Peter Buwalda heeft zijn nieuwe boek eindelijk af: 'Niet leuk als mensen denken dat je niets uitvoert'
In dit artikel:
Schrijver Peter Buwalda (53) heeft de afgelopen zeseneenhalf jaar vrijwel alles ondergeschikt gemaakt aan het schrijven van De jaknikker, het langverwachte tweede deel van zijn aangekondigde trilogie. Waar Otmars zonen (2019) de zoektocht van een jonge Shell-medewerker naar zijn biologische vader en de jacht van een onderzoeksjournalist op een corrupte topman inleidde, moest het vervolg drastisch anders en beter worden dan de versie die Buwalda aanvankelijk had. Drie jaar geleden dacht hij klaar te zijn, maar hij gooide toen de helft van zijn manuscript weg en begon opnieuw: veel materiaal bleek eerder al in Otmars zonen te zijn opgenomen, waardoor het oorspronkelijke vervolg "geplunderd" was en niet meer klopte.

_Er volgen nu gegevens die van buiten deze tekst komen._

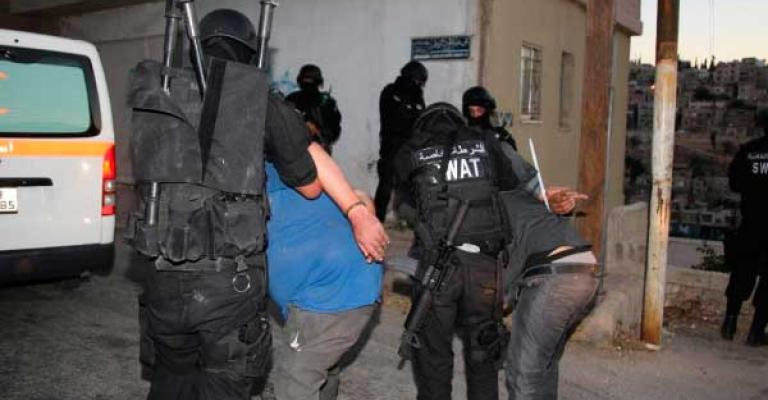 القبض على مطلوبين خطرين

De vertraging leidde tot publieke aandacht en grappen; sinds 2021 belde de Volkskrant hem traditioneel rond oud en nieuw om te vragen of het boek er al was. Een geplande verschijningsdatum in maart verschoof alsnog een half jaar, en zelfs vlak voordat de definitieve proef naar de drukker ging vroeg Buwalda zijn uitgever nog om kleine, noodzakelijke wijzigingen. Zijn aanpak is gedisciplineerd en veeleisend: lange, ononderbroken dagen waarin sociale afspraken worden geschrapt om de benodigde concentratie te garanderen. In de laatste fase sliep hij vaak niet meer dan vijf uur per nacht en noemde zichzelf soms een kluizenaar; hij worstelde met de vraag of zo’n leven “wel een leven” is, maar vond tegelijkertijd voldoening in het tunnelachtige werken wanneer de voortgang helder was.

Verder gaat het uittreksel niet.